What both of these things did, though, was make this individual mission feel like an integral part of the show’s larger trajectory, along with it being mighty entertaining in its own right. Clarke, even with an accent, was as much of a seductress as ever, and Larroquette was great as the Martini-drinking/stewardess bedding Bond type. The story was just a lot of fun to watch, especially when it came to the variety of zingers and one-liners thrown around (For example, I loved Rone drinking the martini in the truck, and his various reactions to the conversation, in particular him mourning Gus). Or the various dialogue pieces between Chuck and Sasha, especially Clarke’s line of “Make Mad Passionate Sex to Me.” It’s just a lot of fun, along with advancing important storylines.

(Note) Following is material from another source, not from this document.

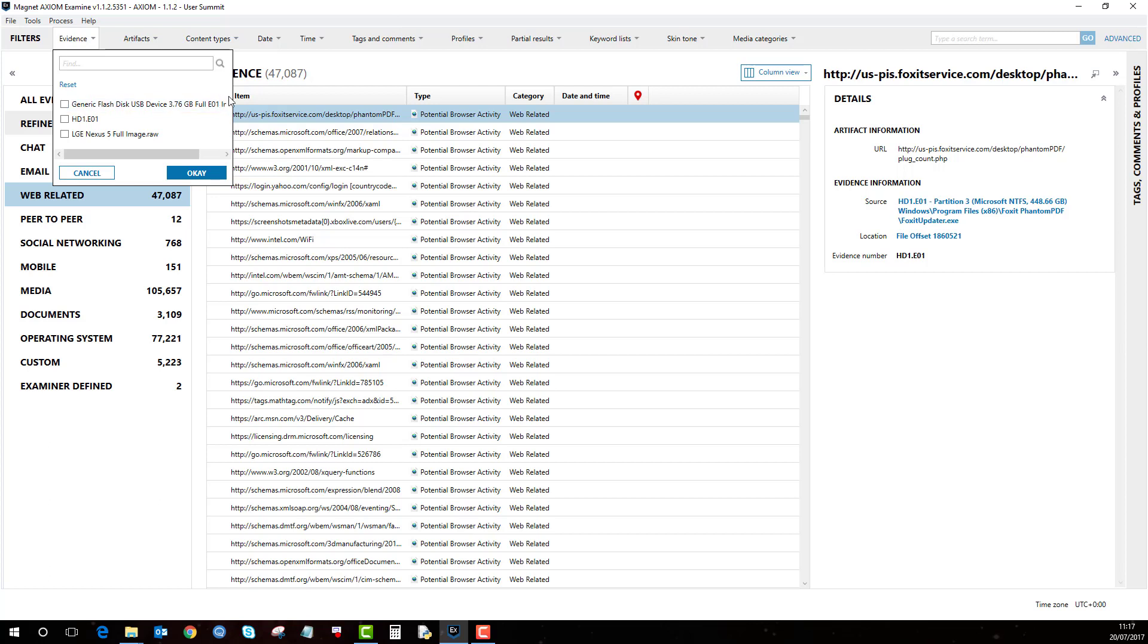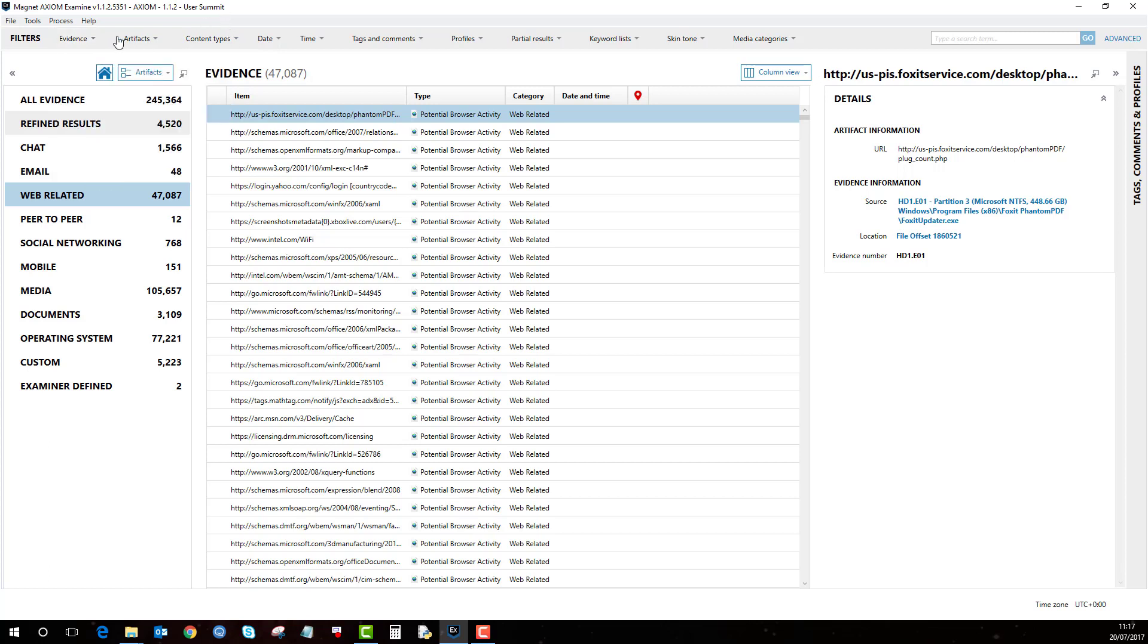You can examine not only computers and phones together, but add further evidence to keep everything in one case. All you do is click on Process and then Add New Evidence to Case. You'll see the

The more impressive thing is that this was possible even with two separate supporting subplots, with Awesome getting romance advice from Morgan, and Lester taking over the Assistant Managership at the Buy More. I love that even these storylines ended up being part of the main one: funny in their own right, that the former ended up being Chuck’s favour from the CIA, and the latter being the excuse for having the banner conveniently in place for the big finale, really helps to present a cohesive episode as opposed to A/B/C plot structure.

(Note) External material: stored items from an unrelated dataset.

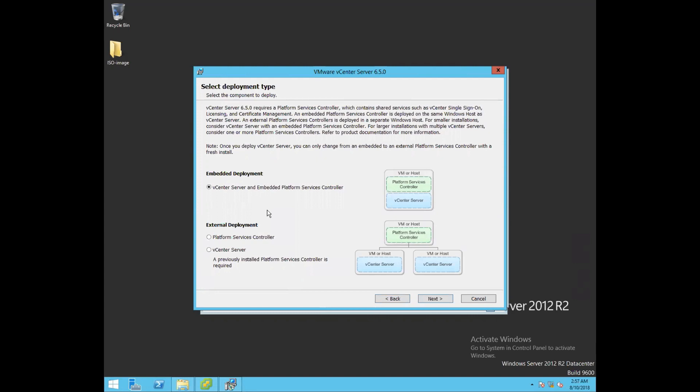In embedded deployment, your vCenter Server and PSC are both installed on the same system or virtual machine. In external PSC deployment, vCenter Server is installed on one system and the PSC is installed on another system, as you can see in the graphical view. We typically use external PSC deployment for two reasons: high availability or scalability, and when you want to link multiple vCenter Servers to a single PSC.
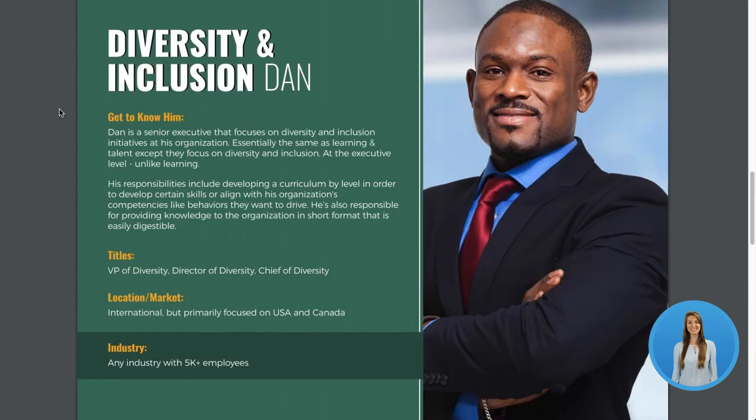First things first, let's start with some general questions that you should ask. Who's their main industry? Is there a top three maybe that they focus on? What's their elevator pitch? What are some of their pain points and challenges they face?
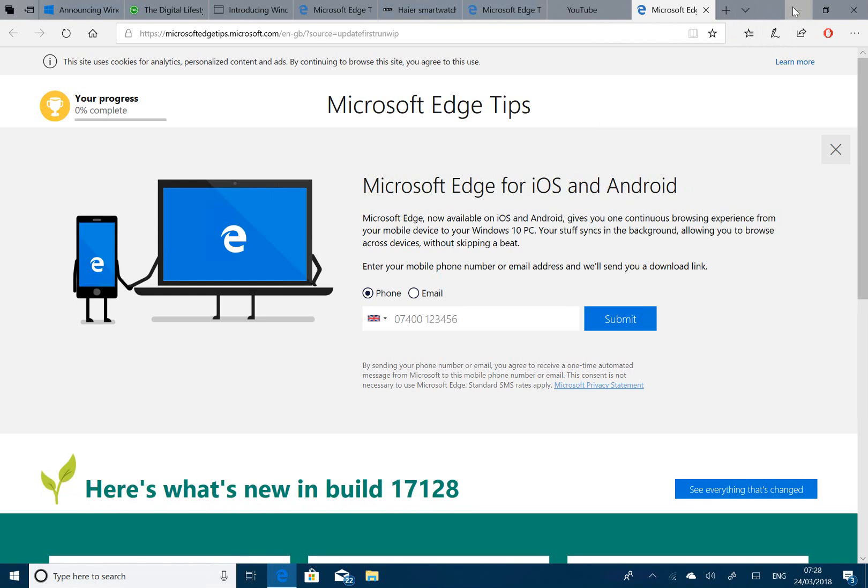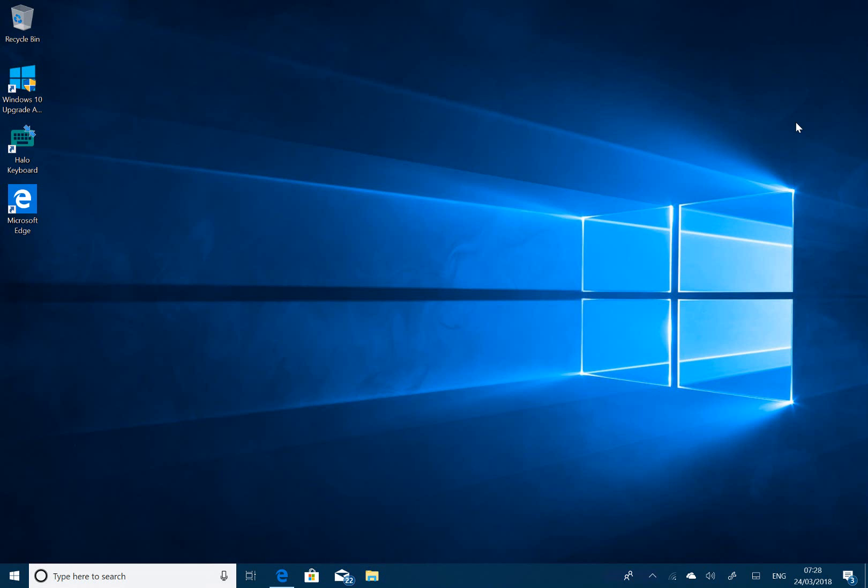And this is 17128 with no watermark. There's no known issues and there's no fixes—it's just that change. So we're definitely getting to the end of this process. This could be the one, you never know.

The big finale, of course, is what sets things up for the future, and was the one moment that felt completely predictable. As soon as it was clear that Chuck was about to make a grand romantic gesture, you had to know that there was going to be someone in his way: that it was Bryce only made sense, as the show went too far to give hope to Chuck and Sarah’s relationship. But this is a different scenario to our last experience with Bryce: Chuck is in a better place, Sarah is in a difference place, and I greatly look forward to next week’s episode as a result.

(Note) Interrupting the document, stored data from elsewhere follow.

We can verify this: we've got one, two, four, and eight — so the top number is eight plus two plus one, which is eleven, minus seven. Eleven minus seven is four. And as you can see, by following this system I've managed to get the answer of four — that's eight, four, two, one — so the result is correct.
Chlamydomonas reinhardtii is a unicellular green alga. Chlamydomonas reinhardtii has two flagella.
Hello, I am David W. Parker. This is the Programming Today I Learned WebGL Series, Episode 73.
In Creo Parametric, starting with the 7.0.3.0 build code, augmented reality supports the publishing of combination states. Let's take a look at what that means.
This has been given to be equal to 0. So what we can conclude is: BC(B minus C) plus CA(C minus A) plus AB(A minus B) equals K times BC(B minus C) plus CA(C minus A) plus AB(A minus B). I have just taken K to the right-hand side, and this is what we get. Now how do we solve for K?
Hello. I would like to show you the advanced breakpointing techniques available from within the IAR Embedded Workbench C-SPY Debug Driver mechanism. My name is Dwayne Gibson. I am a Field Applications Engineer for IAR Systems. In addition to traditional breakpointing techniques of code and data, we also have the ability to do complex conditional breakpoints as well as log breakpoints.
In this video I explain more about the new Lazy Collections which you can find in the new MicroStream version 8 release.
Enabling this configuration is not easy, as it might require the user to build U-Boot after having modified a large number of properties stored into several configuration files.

- Alan Sepinwall has a nice long article posted earlier this month about how this episode is all an homage to a classic Peter O’Toole film, “My Favorite Year” – you can check it out here. Sounds like something I would put on my Netflix if I, you know, had Netflix.
- Good to see that Chuck and Co. have some new digs that are a little bit more secretive than Casey’s apartment or the audio-visual room in the Buy More.
- Maybe the worst/best joke of the episode was Chuck’s explanation of why Sasha was called the Black Widow: “Her husband was African American and he died?”
- Morgan’s “I’m huge in Japan” shirt was a neat little touch, as was all of the little quirks for the Buy More staff – we don’t see Morgan and Anna out of uniform much if ever, so it’s good to see them humanizing the new Credits-folk.